Raz describes developing a clown character as "an alchemy, an art" -- one that is increasingly rare in this country. Though he decries characters like Ronald McDonald who are "filtered through a corporate media, and really antithetical to clowning," he praises American clowns Wavy Gravy, Charlie Chaplin, and Bill Irwin -- none of whom are afraid to embrace high silliness. "Some clowns try to 'pass,' distancing themselves from the hokier forms of clowning -- you know, making fun of balloon animals and whoopee cushions and stuff. But that's wrong. That's all part of our language. It's just trying to pass. It's like Jews getting nose jobs. It's trying to pass for being not-clowns. But all of that is part of our heritage."

To that end, unashamed clowns and physical performers of all stripes who want to get in touch with their clown roots will have an opportunity to study with Raz when he brings an intensive workshop in "Creating Physical Characters" to the MotionFest Physicality and Performing Arts Festival in San Francisco the weekend of January 3-6. Besides Raz, MotionFest is studded with luminaries -- Avner the Eccentric, Wasnak, Joan Mankin, original members of the Flying Karamazov Brothers, comedians and comedy writers -- many of whom will be performing as well as teaching and discussing the deeper aspects of their work.

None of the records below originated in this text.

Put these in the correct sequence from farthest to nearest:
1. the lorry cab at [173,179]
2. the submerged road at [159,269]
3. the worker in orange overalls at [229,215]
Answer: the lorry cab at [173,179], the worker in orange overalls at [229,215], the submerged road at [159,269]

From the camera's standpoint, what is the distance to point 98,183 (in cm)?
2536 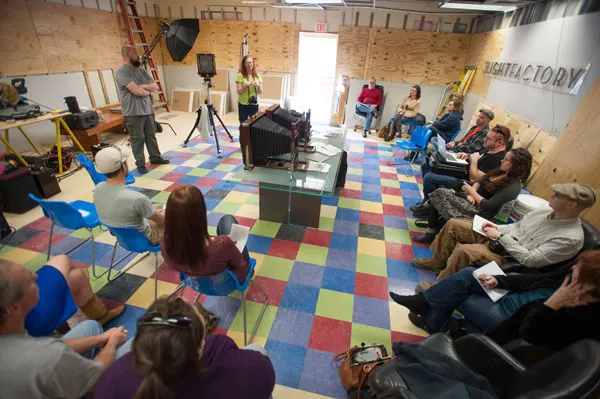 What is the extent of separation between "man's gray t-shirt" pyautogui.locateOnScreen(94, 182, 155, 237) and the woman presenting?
10.3 feet

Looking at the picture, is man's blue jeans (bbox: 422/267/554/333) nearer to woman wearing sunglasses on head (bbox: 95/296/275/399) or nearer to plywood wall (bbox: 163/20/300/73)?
woman wearing sunglasses on head (bbox: 95/296/275/399)

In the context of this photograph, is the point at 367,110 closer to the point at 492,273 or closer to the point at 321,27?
the point at 321,27

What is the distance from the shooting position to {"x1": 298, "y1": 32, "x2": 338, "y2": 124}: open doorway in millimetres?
8211

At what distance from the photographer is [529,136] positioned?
141 inches

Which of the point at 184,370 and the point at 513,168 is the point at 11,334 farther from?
the point at 513,168

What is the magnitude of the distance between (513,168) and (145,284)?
3.30 meters

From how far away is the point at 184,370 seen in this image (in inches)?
31.8

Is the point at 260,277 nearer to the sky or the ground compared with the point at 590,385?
nearer to the ground

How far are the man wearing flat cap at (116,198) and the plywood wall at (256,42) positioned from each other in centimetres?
647

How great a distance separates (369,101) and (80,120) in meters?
5.79

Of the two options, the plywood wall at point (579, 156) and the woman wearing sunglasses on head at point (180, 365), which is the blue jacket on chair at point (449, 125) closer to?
the plywood wall at point (579, 156)

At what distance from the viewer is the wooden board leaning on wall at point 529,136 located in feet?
10.5

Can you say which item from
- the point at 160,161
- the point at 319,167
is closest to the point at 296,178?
the point at 319,167

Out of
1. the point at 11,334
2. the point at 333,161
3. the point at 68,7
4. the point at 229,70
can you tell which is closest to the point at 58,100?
the point at 68,7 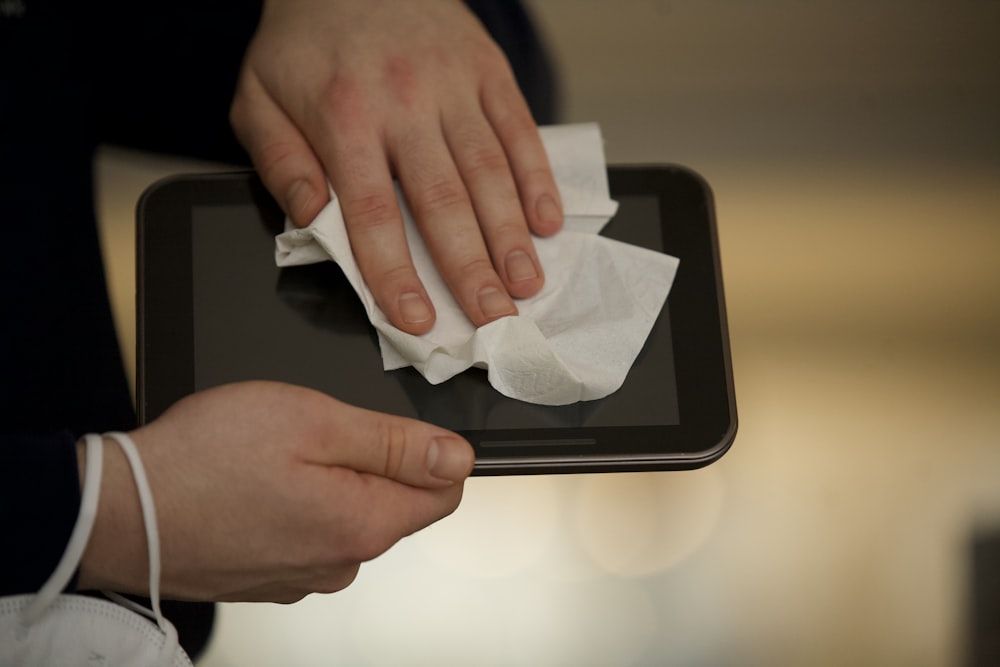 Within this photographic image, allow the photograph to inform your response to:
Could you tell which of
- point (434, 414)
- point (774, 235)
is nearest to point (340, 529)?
point (434, 414)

"The role of the clown is critical," Raz says, "because clowns will go to places that other people aren't willing to go -- scarier places, or sillier places. Hopefully they'll go there to reflect back to their community things nobody wants to deal with. And sometimes the tools for that are just stupid and embarrassing. In my opinion, there's not a real premium on originality of form, or of structure. But the paradox is that clowning mines your particular idiosyncrasies. So if we're doing something really stupid like sitting on a whoopee cushion or making a balloon dog and if we're doing our jobs right, it'll say something about the world; it will be funny; it'll entertain the people we're with right there; and the way you do it, the way I do it, will be very different."